Was your singularity built with the same version of openmpi and is in the container .....

davepallot commented 4 years ago

Im running openmpi yandasoft-openmpi-4.0.2.simg with mpirun (Open MPI) 4.0.3 on my system.

steve-ord commented 4 years ago

But was singularity compiled with openmpi 4 that is actually the important dependency. My understanding is the MPI calls are replaced by singularity and they have to match

steve-ord commented 4 years ago

Oh and do any other tasks in the container work - in case it is just a selavy issue

davepallot commented 4 years ago

I'm not sure I pulled if from here: https://github.com/ATNF/yandasoft/wiki/How-to-install-using-container

Using: singularity pull docker://csirocass/yandasoft-openmpi-4.0.2

Linmos works within the same container and scales fine.
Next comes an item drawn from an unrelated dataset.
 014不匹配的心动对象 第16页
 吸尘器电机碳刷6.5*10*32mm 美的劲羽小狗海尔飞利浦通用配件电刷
prlahur commented 4 years ago

Looks like the parallel process is already working. From the top of the log file, master and 2 workers are working

prlahur commented 4 years ago

Hi @davepallot , I wonder if you ran into the same problem with different dataset?

davepallot commented 4 years ago

@prlahur I haven't attempted to run a different dataset. Im going to try with a native yandsoft build.
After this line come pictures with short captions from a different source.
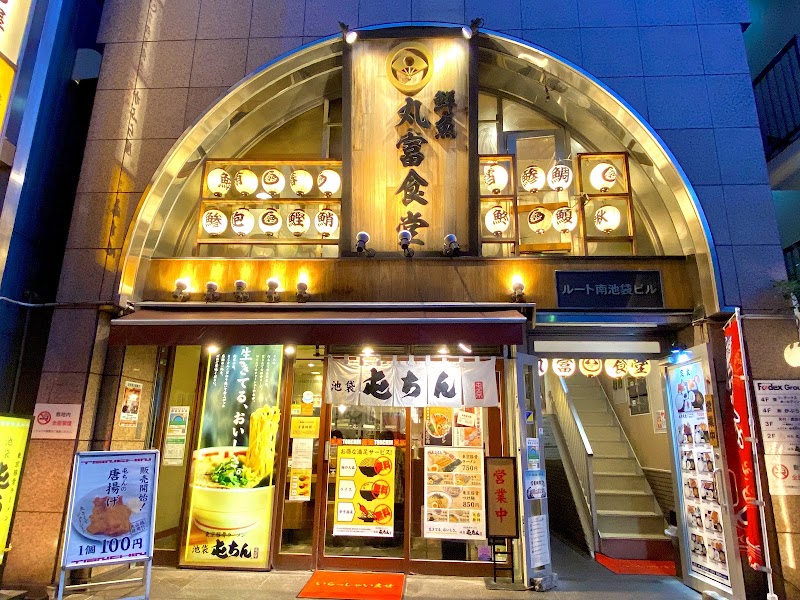 東京豚骨ラーメン 屯ちん 池袋本店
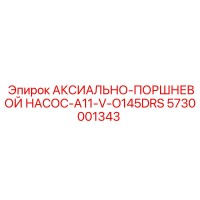 5730001343 АКСИАЛЬНО-ПОРШНЕВОЙ НАСОС-A11-V-O145DRS Epiroc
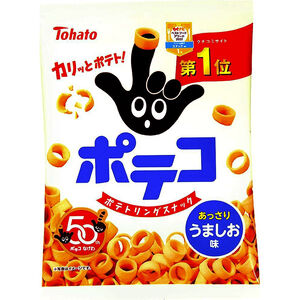 Salted Potato Rings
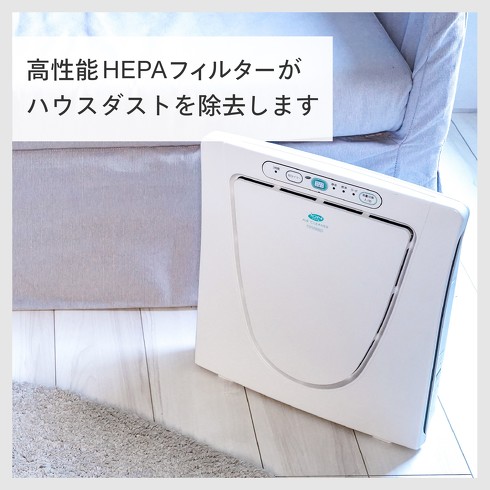 ふるさと納税返礼品の空気清浄機：ふるさと納税とは？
mattwhiting commented 4 years ago

It's possible it is related to the size of the image, although getting a segfault is not necessarily what you'd expect. However, as far as I can tell the communication where it is failing is not sending large amounts of data, so I suspect it is more likely to be a library issue.

davepallot commented 4 years ago

@mattwhiting Would you like me to provide you with the linmos input data cube and selavy configuration script so you can possibly debug the issue?

jmarvil commented 4 years ago

I put together a small test data set and parset that may be useful for testing: https://data.pawsey.org.au/download/emushare/test_selavy/test_selavy.tar

This should run in less than a minute and find about 30 sources.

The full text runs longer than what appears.